▸ Task statement
Could you restate word for word every line from the one containing "Beach Renourishment During" to the end of the data below, pictures excluded?

(Records from a collection)
□ □ □
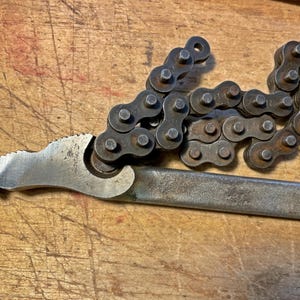 RIDGID C-12 Chain Pipe Wrench 12" Long Handle - USA zdjęcie 5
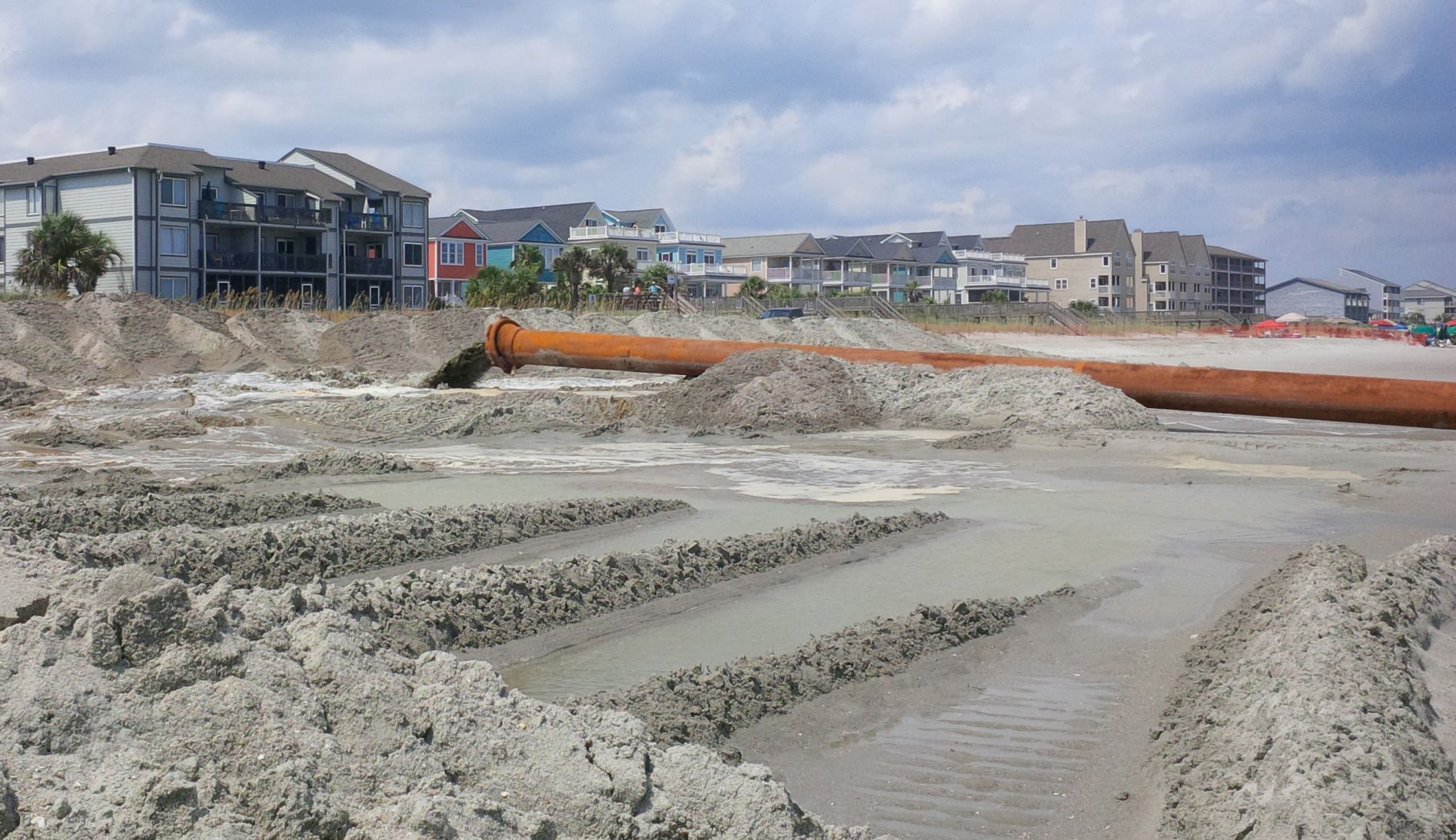 Beach Renourishment During Grand Strand Tourist Season Not Ideal But ...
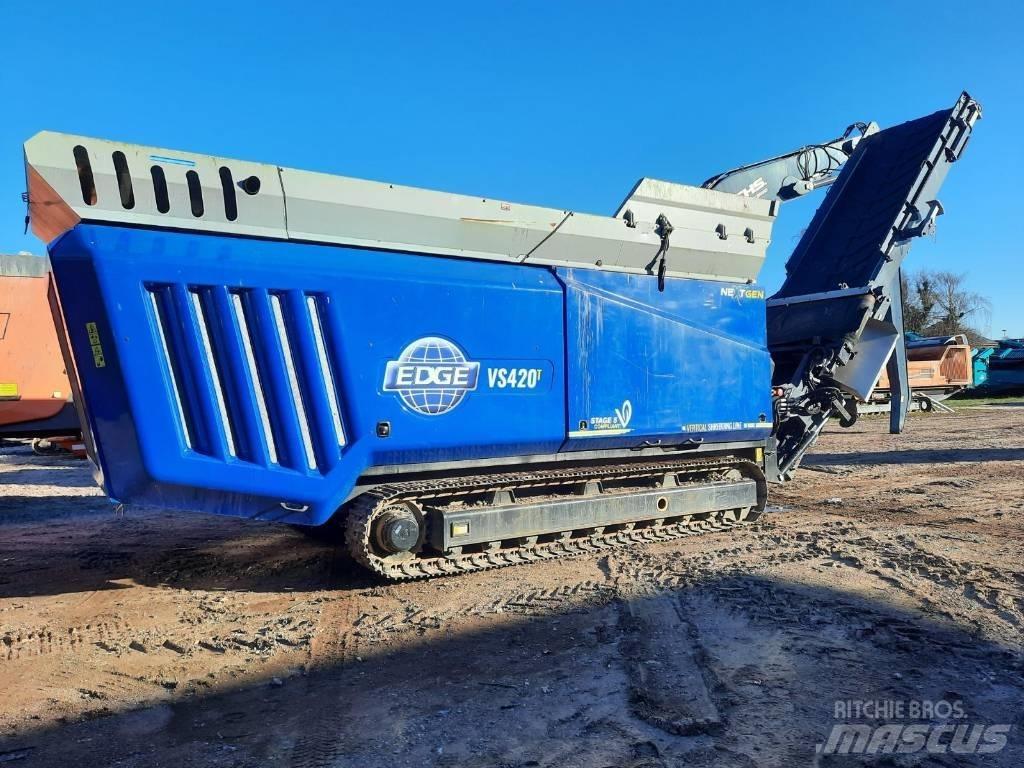 Edge Innovate VS420 Промышленные шредеры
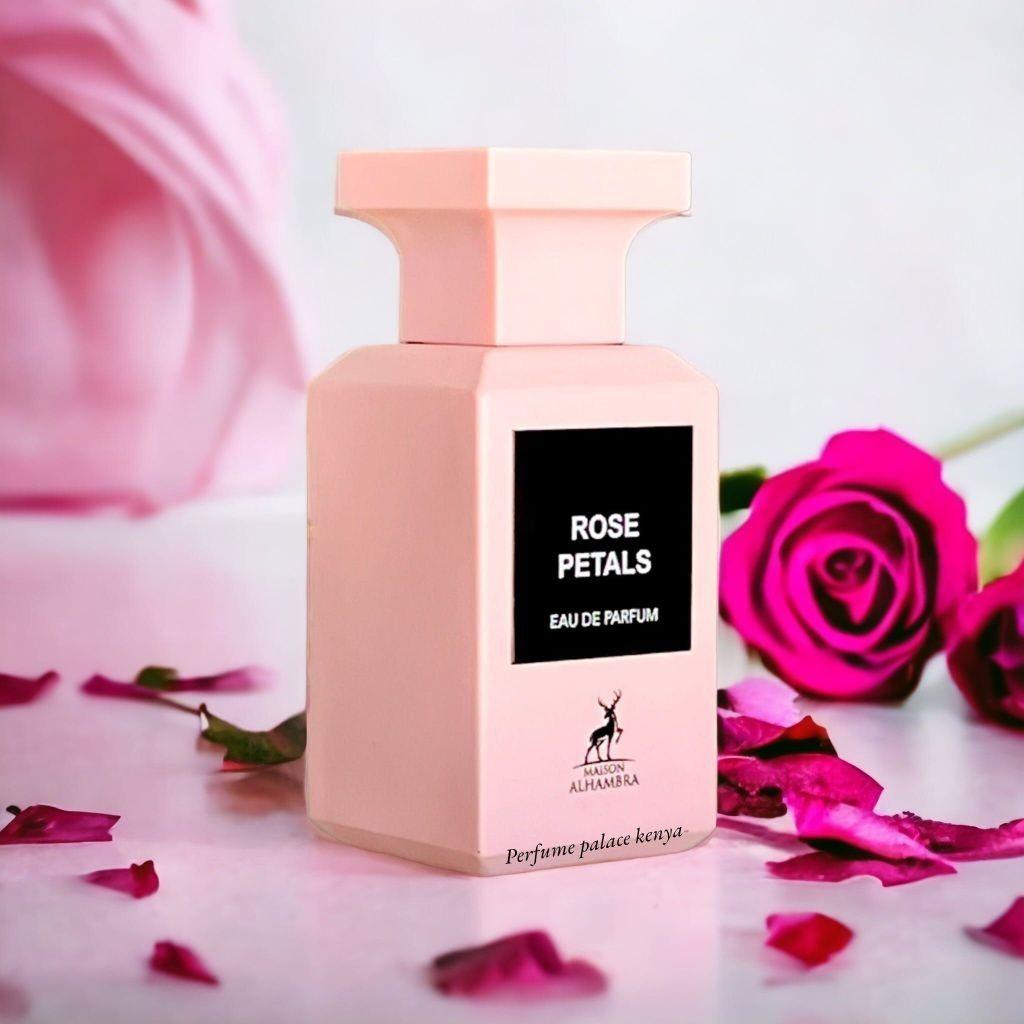 A. Alhambra Rose Petals EDP 80 ML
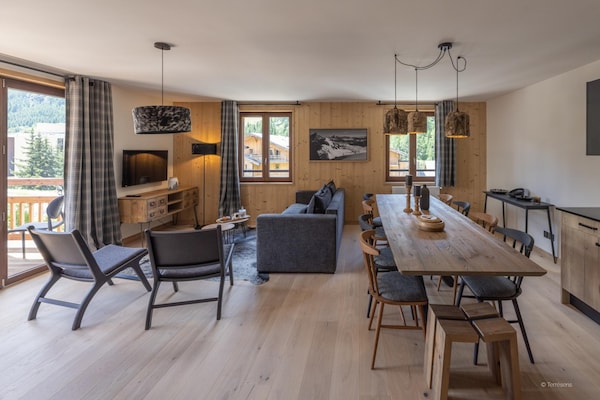 Foto van Chalet in Serre Chevalier voor gezinnen - Vakantiehuis in Saint Chaffrey - DiningRoom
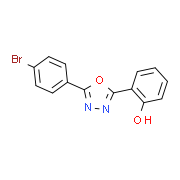2-[5-(4-Bromophenyl)-1,3,4-oxadiazol-2-yl]phenol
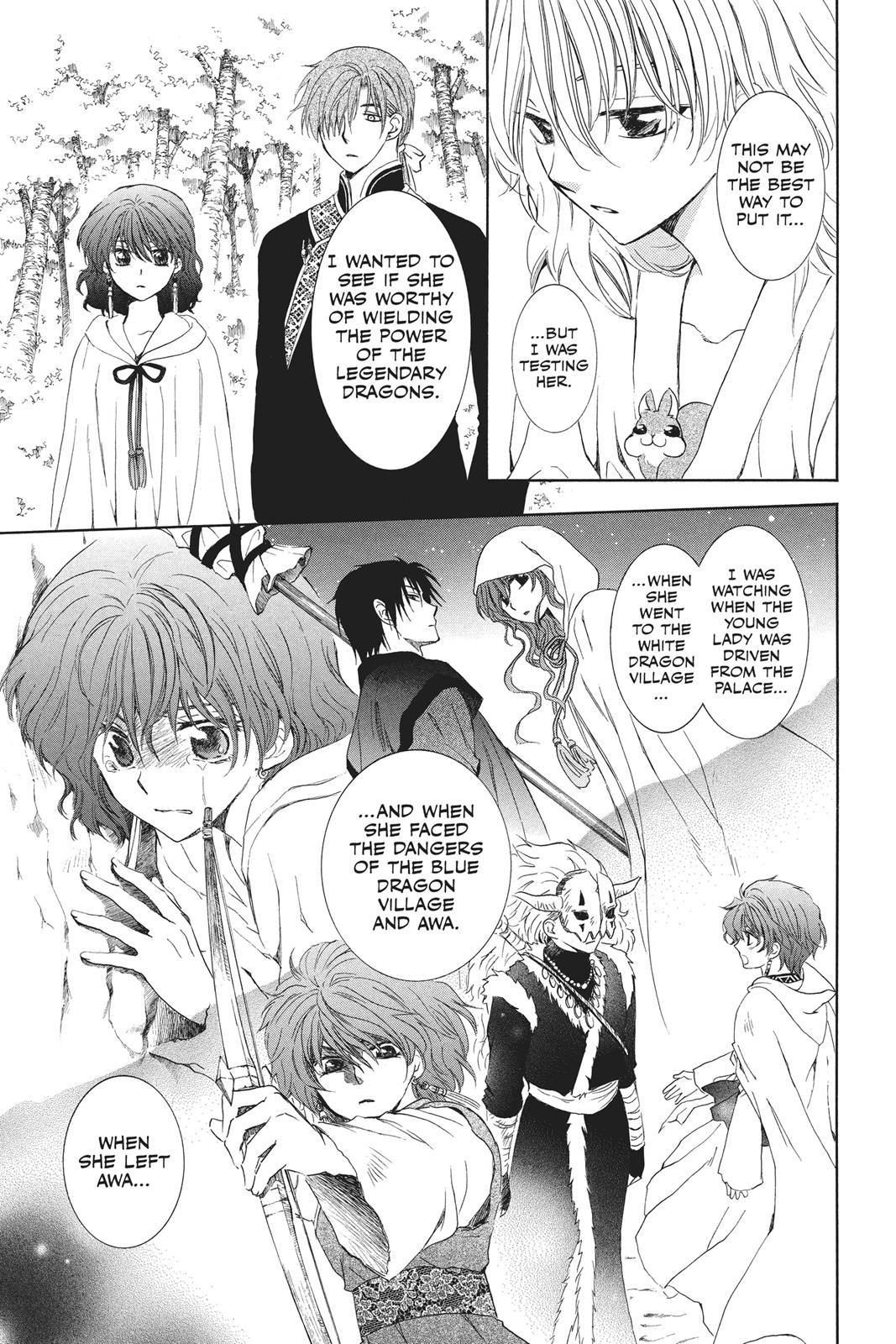 Read Yona of the Dawn Manga Online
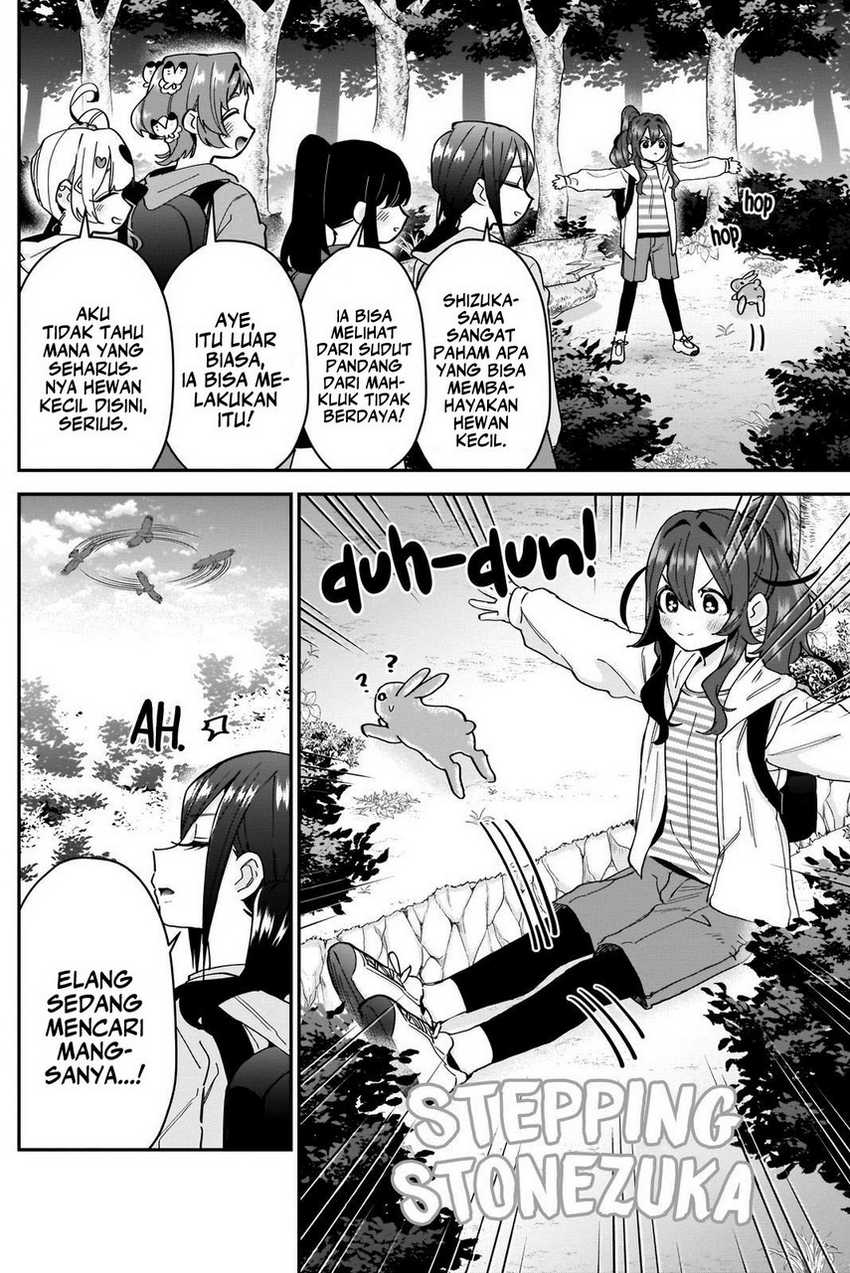 Kimi no Koto ga Dai Dai Dai Dai Daisuki na 100-ri no Kanojo chapter 104 halaman 8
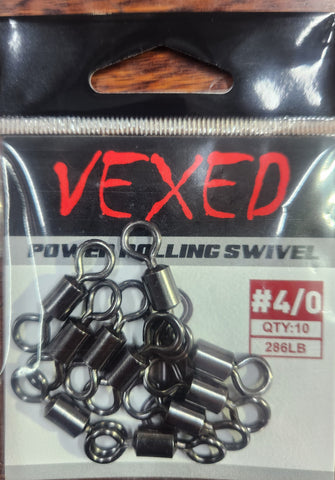 VEXED POWER ROLLING SWIVEL VBRS4/0 #4/0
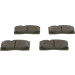 0 986 494 252 Bremsbelagsatz, Scheibenbremse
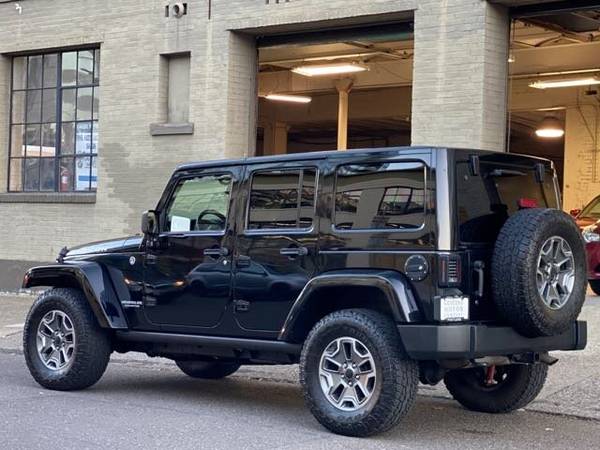 2013 Jeep Wrangler Unlimited Rubicon 4WD Just 70k Miles - cars &... for sale in Portland, ID – photo 4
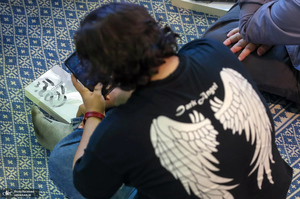 اجتماع دانشگاهیان در حسینیه جماران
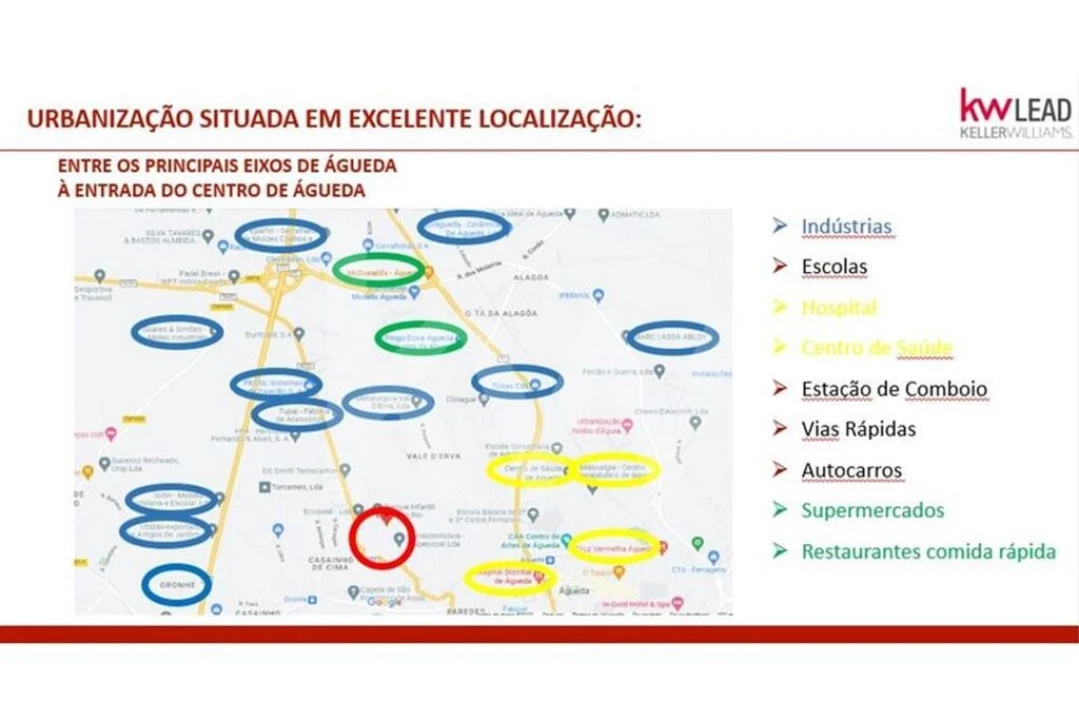 Terreno para Venda em Travassô e Óis da Ribeira Foto 19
□ □ □
▸ Written reply
 Beach Renourishment During Grand Strand Tourist Season Not Ideal But ...
 Edge Innovate VS420 Промышленные шредеры
 A. Alhambra Rose Petals EDP 80 ML
 Foto van Chalet in Serre Chevalier voor gezinnen - Vakantiehuis in Saint Chaffrey - DiningRoom
2-[5-(4-Bromophenyl)-1,3,4-oxadiazol-2-yl]phenol
 Read Yona of the Dawn Manga Online
 Kimi no Koto ga Dai Dai Dai Dai Daisuki na 100-ri no Kanojo chapter 104 halaman 8
 VEXED POWER ROLLING SWIVEL VBRS4/0 #4/0
 0 986 494 252 Bremsbelagsatz, Scheibenbremse
 2013 Jeep Wrangler Unlimited Rubicon 4WD Just 70k Miles - cars &... for sale in Portland, ID – photo 4
 اجتماع دانشگاهیان در حسینیه جماران
 Terreno para Venda em Travassô e Óis da Ribeira Foto 19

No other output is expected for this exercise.